Safe Options Support Program: Older Adult & Medically Fragile Support Team NYC

Unfortunately, older adults are the fastest-growing group of homeless individuals. According to the U.S. Department of Housing and Urban Development, there were 13,635 adults aged 55 and older in NYS experiencing homelessness in 2023. In response to the homeless crisis, OMH is supporting the development of Safe Option Support (SOS) teams, which provide intensive outreach, engagement, and care coordination services to individuals, including older adults experiencing street homelessness and those in temporary shelter settings.

And because approximately 42 percent of current SOS clients are over the age of 50, OMH has also issued a Request for Proposals to develop an SOS Older Adult & Medically Fragile Support Team in NYC. This team will provide specialized services and support to older adults and individuals with existing chronic medical conditions who are currently unsheltered or have recently transitioned from street homelessness to housing.

Addressing the Growing Loneliness Epidemic

The ACT and SOS teams are having great success in helping older adults living with serious mental illness. However, many older New Yorkers are living with a condition that is not as easy to diagnose. Social isolation and loneliness can have a severe impact on our physical and mental health. They are associated with multiple physical and mental health challenges, including cognitive decline, anxiety, depression, cardiovascular disorders, weakened immunity, Alzheimer’s Disease, and premature death.

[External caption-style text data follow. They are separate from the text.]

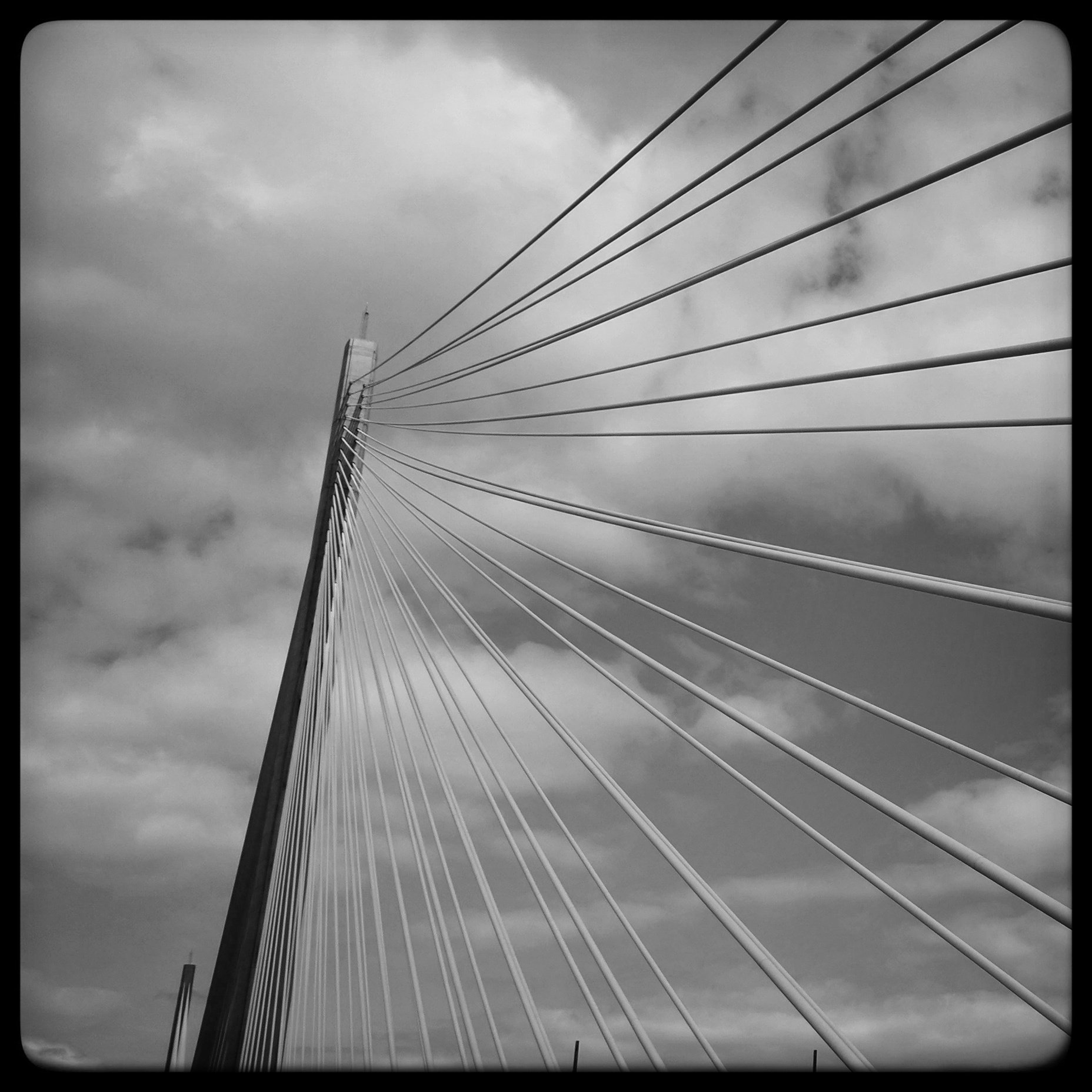 One of the 50,000 #1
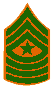 Marine Sergeant E9 Sergeant Major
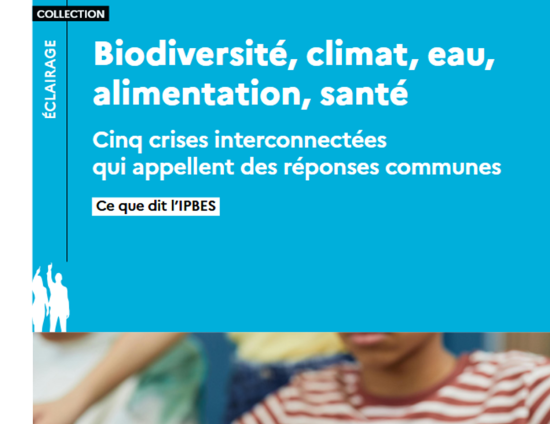 Biodiversité, climat, eau, alimentation, santé : 5 crises interconnectées, le rapport de l'IPBES | OFB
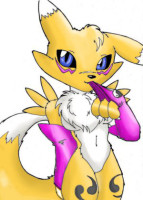 col_renamon.jpg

A recent study by the National Academies of Sciences, Engineering, and Medicine found that more than a third of adults 45 or older experience loneliness, and nearly a quarter of adults 65 or older are living in social isolation.

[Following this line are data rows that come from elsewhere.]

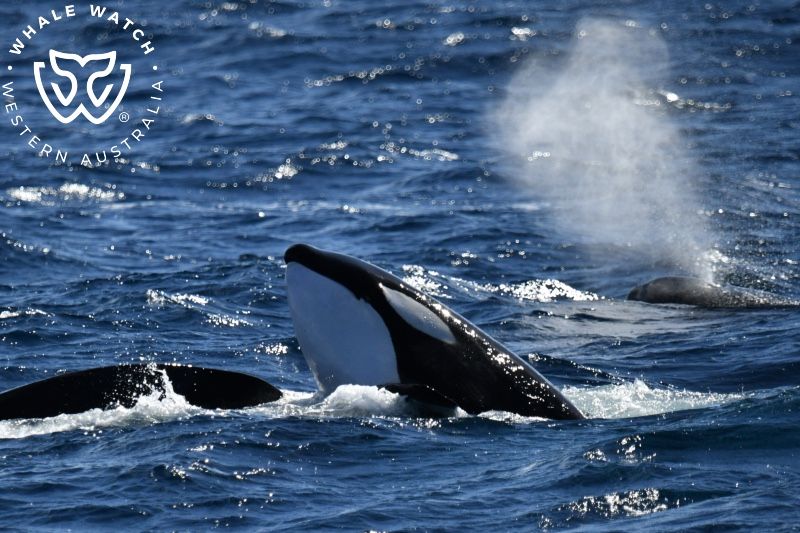 Whale Watch Western Australia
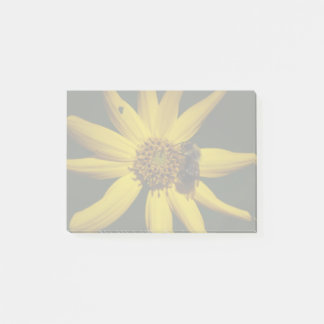 The Bumble and the Sunflower Post-it Notes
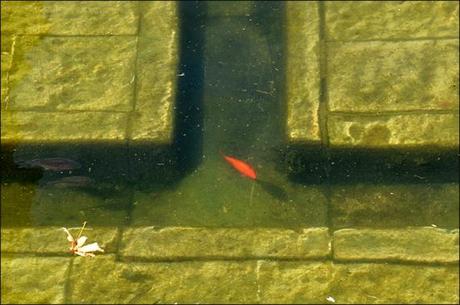 Jardins de la Fontaine, poissons rouges, cyprins dorés, carpes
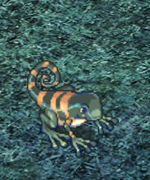 Easter 2021 010 Chameleon.png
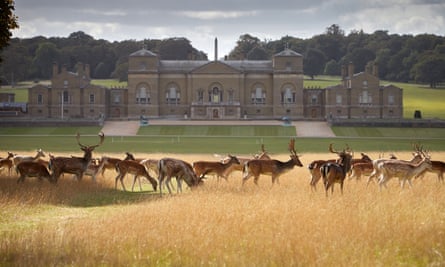 Holkham Hall and some of the grounds.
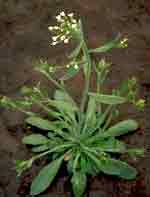 Arabidopsis thaliana: Mature plant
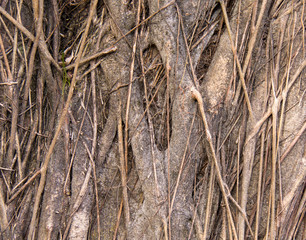 Thick and thin timber roots, on the ground
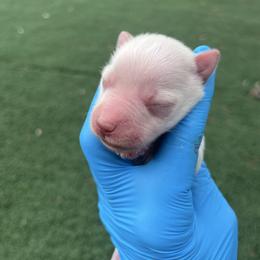 Kiwi - Wheaten male Miniature Schnauzer puppy in Hemet, California from Journee Home Mini Schnauzers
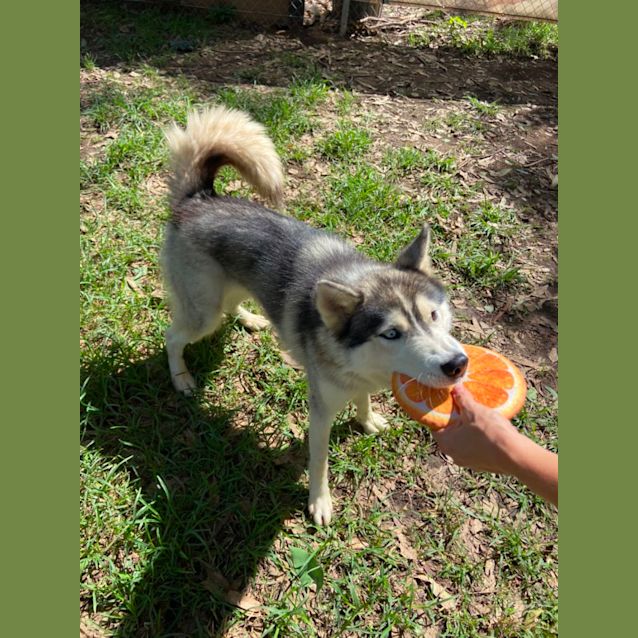 Photo of Little Tilly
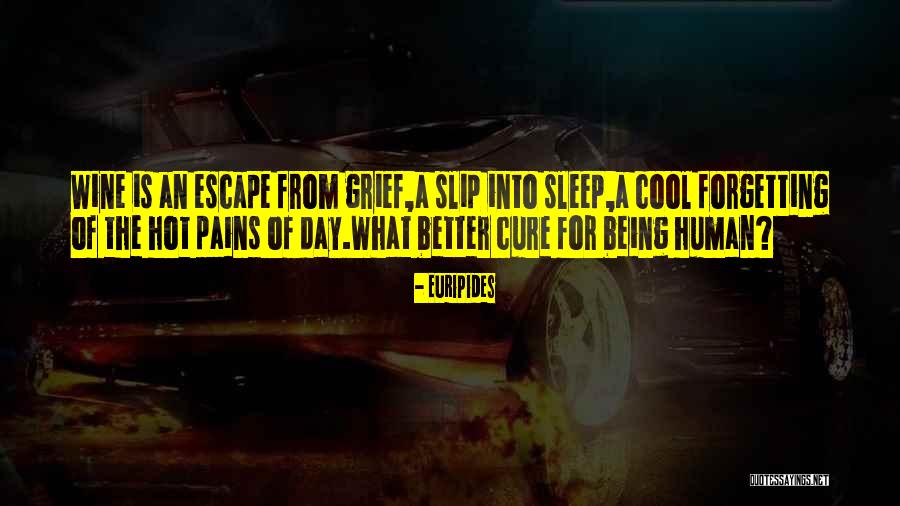 Sleep And Forgetting Quotes By Euripides Sleep And Forgetting Quotes By Euripides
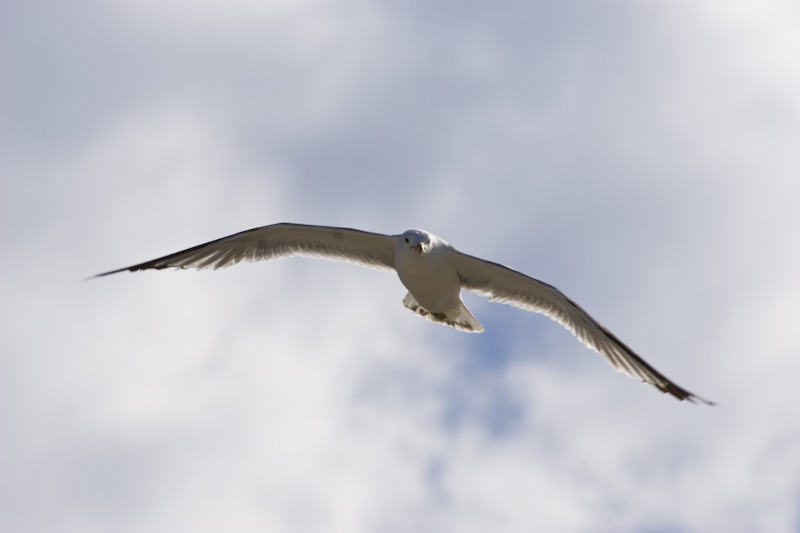 California Gull In Flight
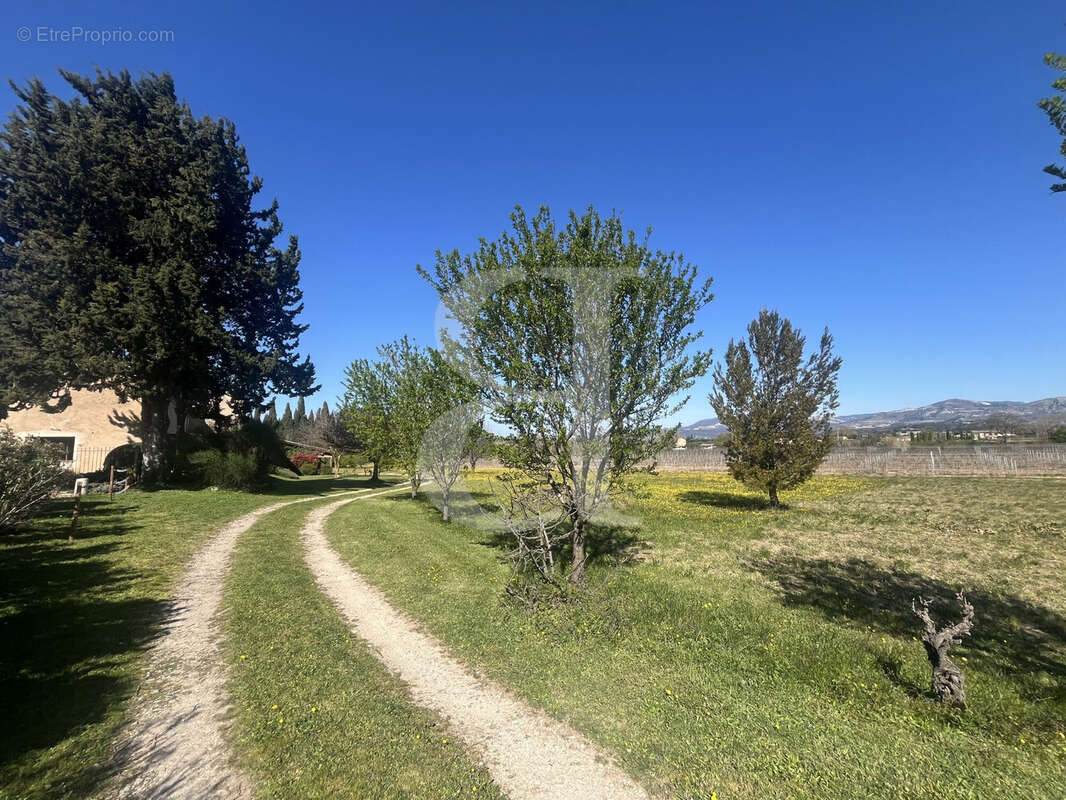 Maison à CARPENTRAS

While the aging process does bring with it certain challenges that can impact our health, it is important to remember that effective treatment options are available that draw from the strengths of older adults and help them manage their mental health challenges, improve their quality of life, and navigate multiple service systems to build a personalized system of support. Fortunately, this is especially true here in New York State.

Ann Sullivan, MD, is Commissioner of the NYS Office of Mental Health (OMH).